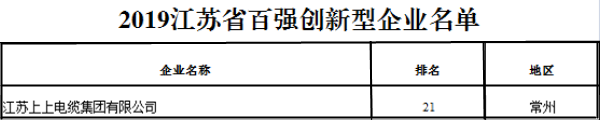 排名21位！上上電纜再次榮獲“江蘇省百強(qiáng)創(chuàng)新型企業(yè)”稱號(hào)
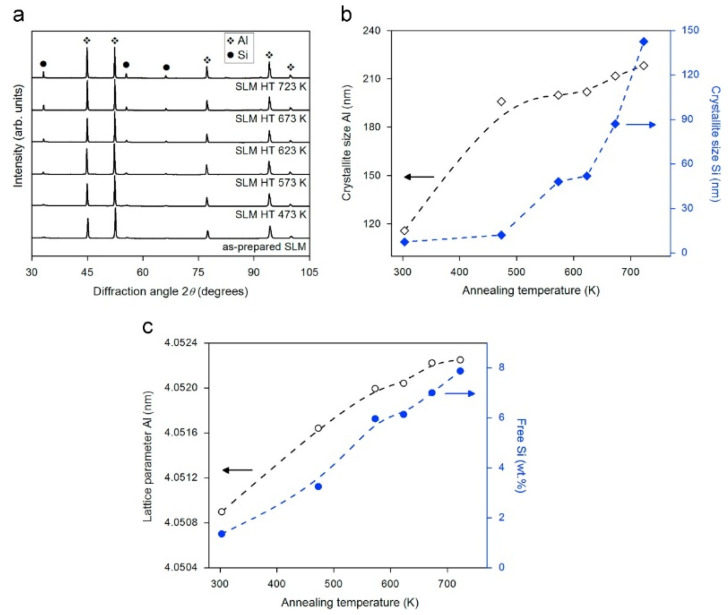 Figure 29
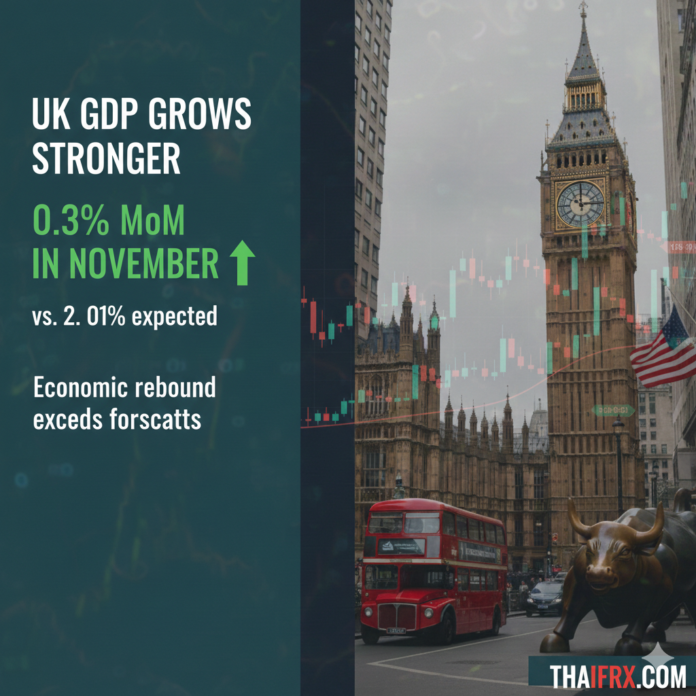 GDP สหราชอาณาจักร (UK) ดีกว่าที่คาดการณ์อย่างมาก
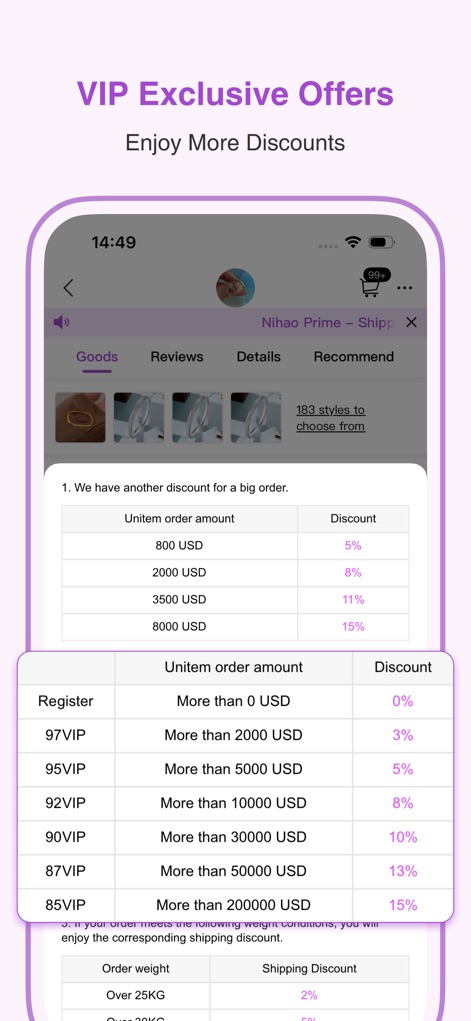 Nihaojewelry-Wholesale Online - Nutzer können sich über exklusive VIP-Rabattstaffeln freuen, die sowohl für einzelne Bestellungen als auch für langfristige kumulative Käufe gelten.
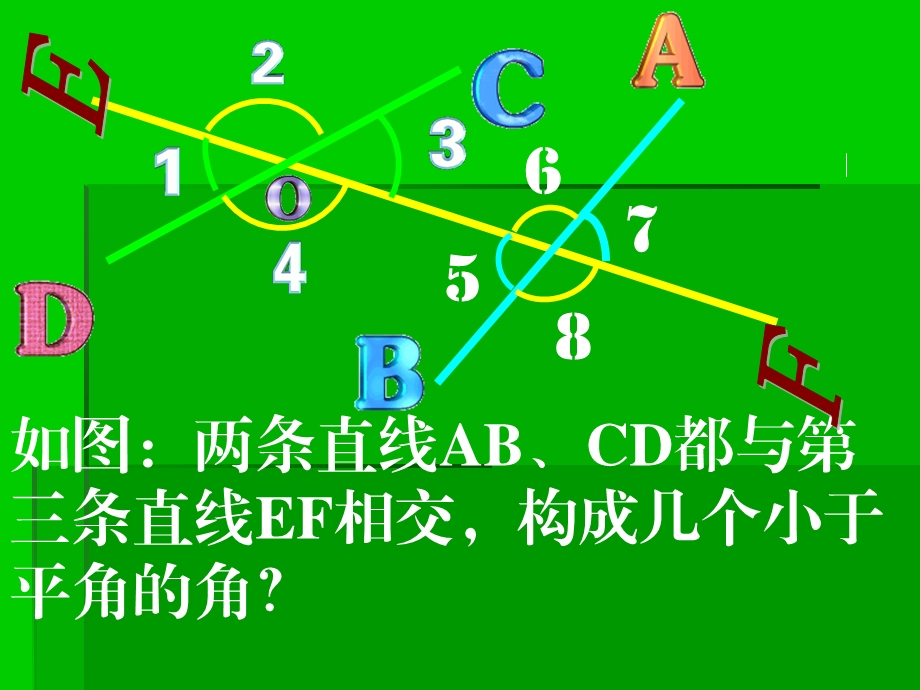 七年级数学下册相交线513PPT课件.ppt_第3页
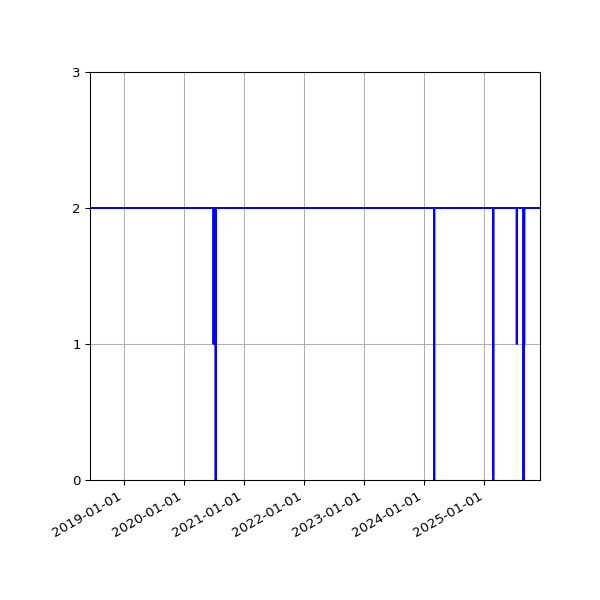 Graph of Files per version against time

■ Work task ■
The result should be the material above, unchanged and free of pictures; please print it.

■ Task response ■
 排名21位！上上電纜再次榮獲“江蘇省百強(qiáng)創(chuàng)新型企業(yè)”稱號(hào)
 Figure 29
 GDP สหราชอาณาจักร (UK) ดีกว่าที่คาดการณ์อย่างมาก
 Nihaojewelry-Wholesale Online - Nutzer können sich über exklusive VIP-Rabattstaffeln freuen, die sowohl für einzelne Bestellungen als auch für langfristige kumulative Käufe gelten.
 七年级数学下册相交线513PPT课件.ppt_第3页
 Graph of Files per version against time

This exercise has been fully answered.